Morgan Barnard and Lauren Bullock, both 17 and 16-year-old Connor Currie all died, crushed to death in what has been described as a stampede. Not even the age to vote or legally consume alcohol, lives snatched from them before they tasted adulthood.I was only ever in Cookstown once in my life. It is inseparable in my mind from an old and close friend whom I spent time with in the H Blocks, although he lives outside the town these days. These situations invariably arrive with the uncomfortable awareness that in seeking pass over for our friends, it is inevitably passed onto others whose loss is no less real.

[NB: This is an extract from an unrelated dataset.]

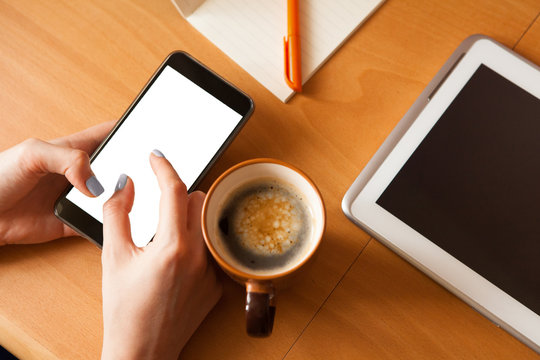 Mobile phone mockup. Female hands with smartphone with copy space on screen and cup of coffee. Fingers zooming in picture on screen. Social network concept.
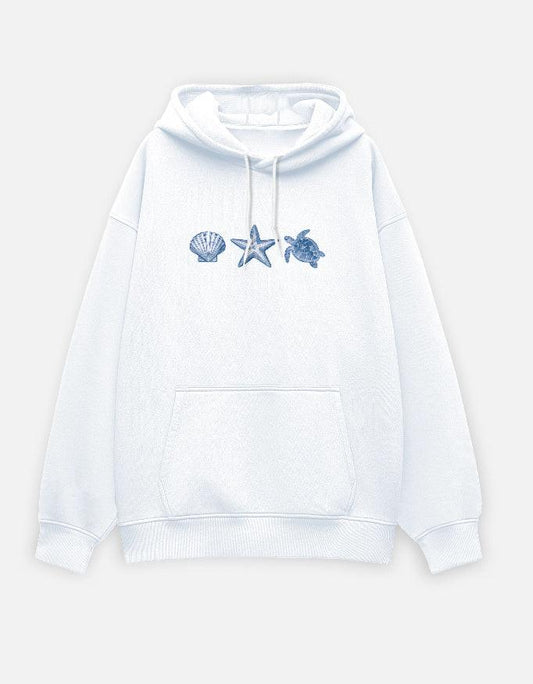 White oversized hoodie with blue sea shell, starfish, and turtle graphics on front by Adhrit Studios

On Sunday night, my teenage daughter headed off to Dublin for a concert with her boyfriend. She has been in Dublin a lot. I even had her working alongside me for a couple of days last summer so that she could pick up a few quid. She is at that age where the old Abba disco song, Money, Money, Money, is well rehearsed and loudly renditioned. The parents of the dead teens of Cookstown would dearly love to trade the silence of their children for the sound of importuning.
This was her first late night in Dublin on her own steam. Just turned 18 she has come of age and makes her own decisions. The world is for growing up in and the only way to grow up in it is to go out into it. As parents we didn’t expect anything untoward to happen. Still, when we heard the small hours key in the door, sleep came much more easily after that. The nagging thought is always there. Many years ago my mother told me that she never enjoyed her children after the death of my sister. From that point on she just worried too much about their safety.
Eimear Tallon in a harrowing account of events outside the hotel wrote the following on her Facebook page:
Unfortunately, a friend of mine who I had seen in the line and chatted to minutes beforehand has died. Morgan and the two other angels, just like the rest of us, left their families last night for an enjoyable night out but unlike the rest of us, they didn’t make it home. My heart breaks for their poor families.
There is no sugar coating what happened last night. As it got serious, we banged the windows of the hotel and tried to get help. The people inside simply looked away. While this was happening the gates were still locked and the bouncers were no help. If it wasn’t for the young people doing the right thing and ringing the police, the situation could’ve been so much worse.
The truth is, this could’ve been prevented.
Moving from distraught to determined, the presence of mind coupled to the composure required to pull it all together so shortly after an incident in which she could easily have lost her own life, Ms Tallon's description is nothing short of remarkable.
No one set out to cause Sunday evening's terrible event. Nevertheless, Eimear Tallon’s call for no sugar coating and her insistence that this was a preventable tragedy is very telling. If people did what they should not have done, or failed to do what they should have done, if they were of no help when they could have been, or looked away from children they should have been looking out for, the families of the three teenagers deserve to know. They sent their children out to dance not to die.